- Islandshire Location in Northumberland
- Coordinates: 55°40′44″N 1°51′43″W﻿ / ﻿55.679°N 1.862°W
- Grid position: NU087428
- Location: Northumberland, England, UK

= Islandshire =

Historical division of Northumberland, England

Islandshire was a 'liberty' north of Northumberland, England, comprising Lindisfarne or Holy Island, plus five parishes on the mainland. Its main settlements were Tweedmouth and Scremerston.

It is historically associated with the Bishop of Durham, and was administratively an exclave of the County Palatinate of Durham.
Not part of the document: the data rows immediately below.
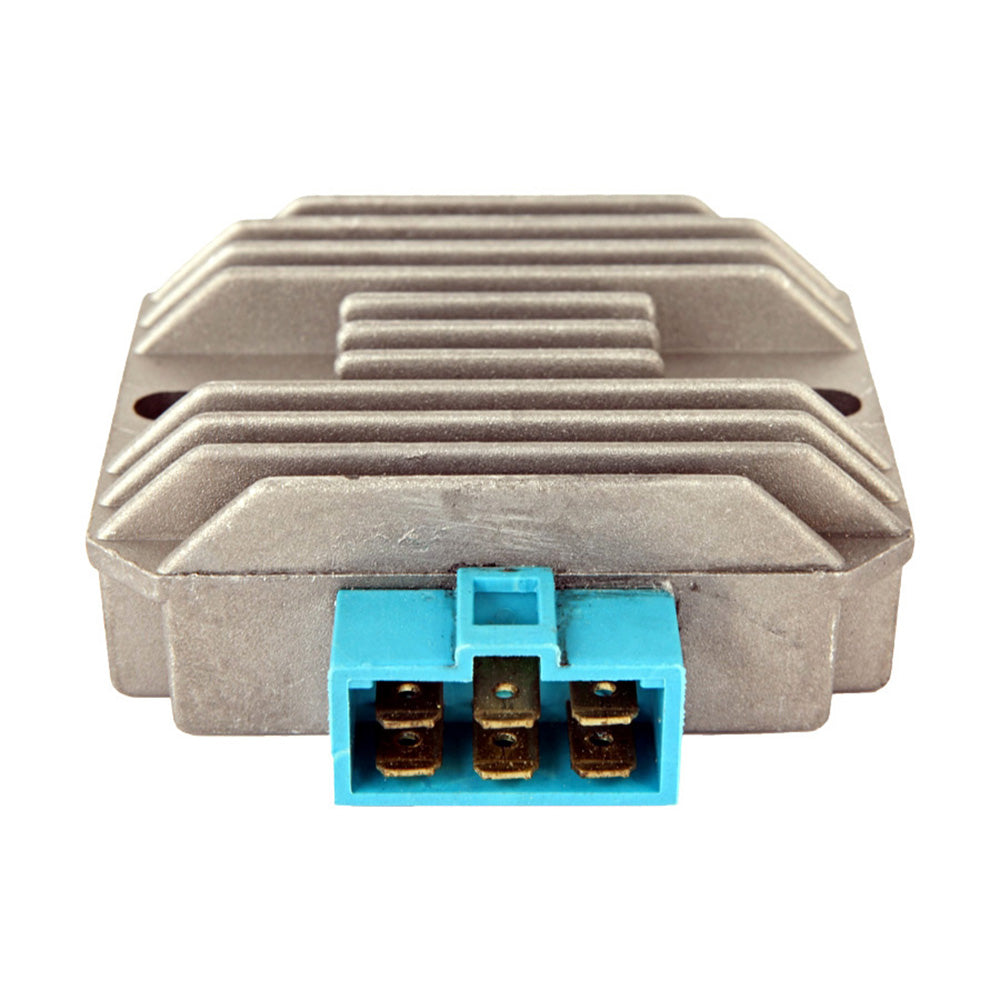 10673 Regulator – Fits John Deere – additional image 2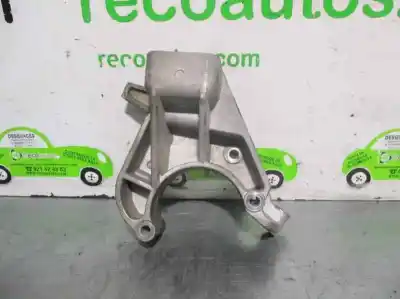 Second-hand car spare part engine support for suzuki ignis rm (mh) 1.3 cat 94 cv / 69 kw oem iam references   
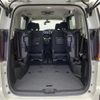 nissan serena 2018 -NISSAN--Serena DAA-GFC27--GFC27-089822---NISSAN--Serena DAA-GFC27--GFC27-089822- image 6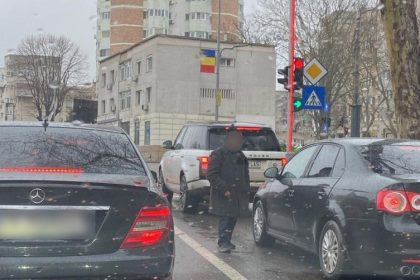 cersetoria o afacere organizata peste 500 de sanctiuni aplicate de la inceputul anului 69bba1eb77834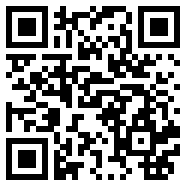 live直播app最新版完结版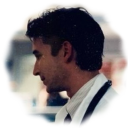 xenichospital avatar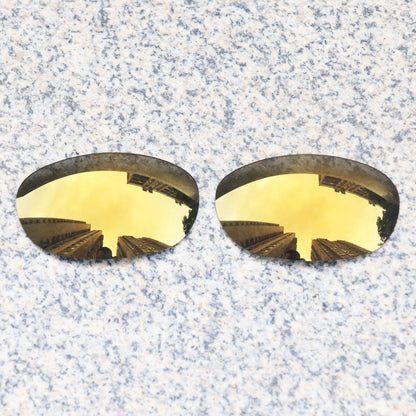 RAWD Polarized Replacement Lenses for - Costa Del Mar Harpoon Sunglass - Options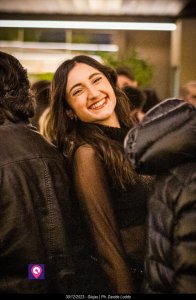 Giojas 30 Dicembre 2023 164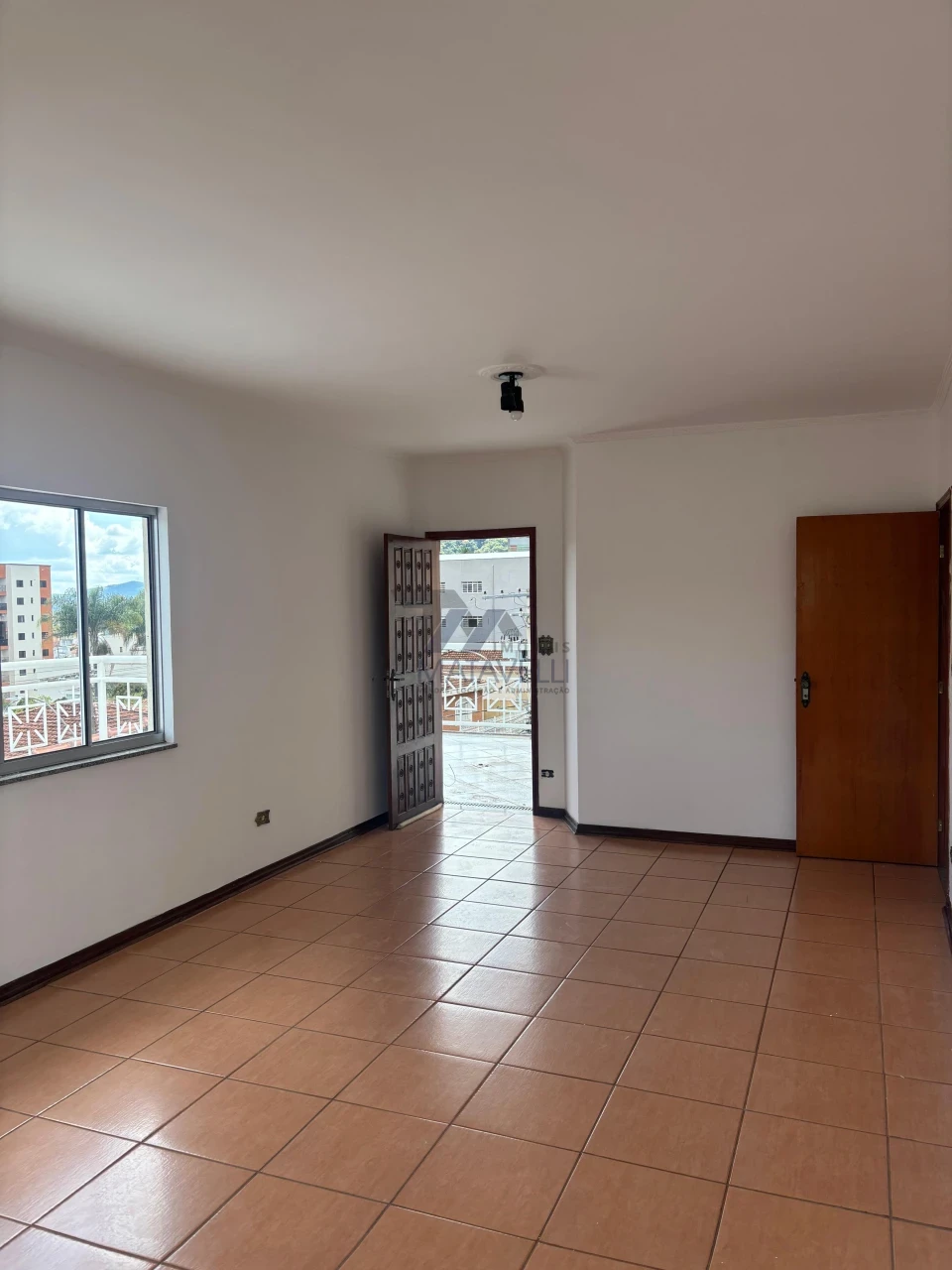 Imagens do imóveis Apartamento Para Alugar Jardim Dos Estados Poços De Caldas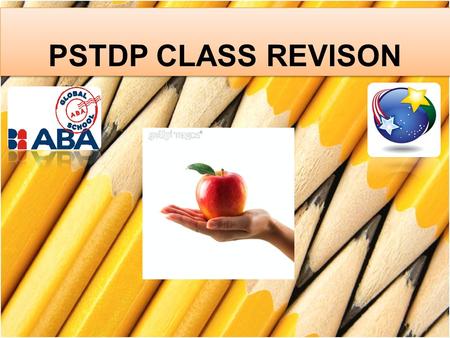 PSTDP CLASS REVISON. MOTIVATION AUCTION GAME 1.When planning a course, one should consider four important elements: goals, materials, methods, and.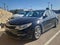 2016 Kia Optima LX Turbo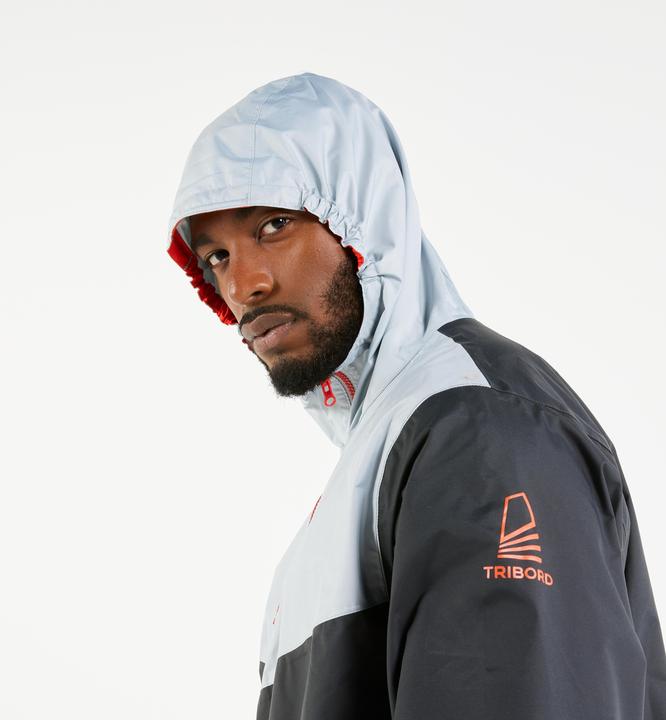 Immagine prodotto Tribord SMOCK 100 (S)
It was transferred to the county of Northumberland by the Counties (Detached Parts) Act 1844, becoming a hundred.

Much of it (minus Tweedmouth) formed part of the Norham and Islandshires Rural District from 1894 until 1974, and then formed part of the borough of Berwick-upon-Tweed district within the County of Northumberland. In 2009 the borough of Berwick-upon-Tweed was abolished as part of wider structural changes to local government in England, with the area now falling under the unitary council of Northumberland County Council. The area, combined with Norham, still forms one of the unitary council's electoral divisions today.

It consisted of the parishes of Ancroft, Belford, Elwick, Holy Island, Kyloe and Tweedmouth.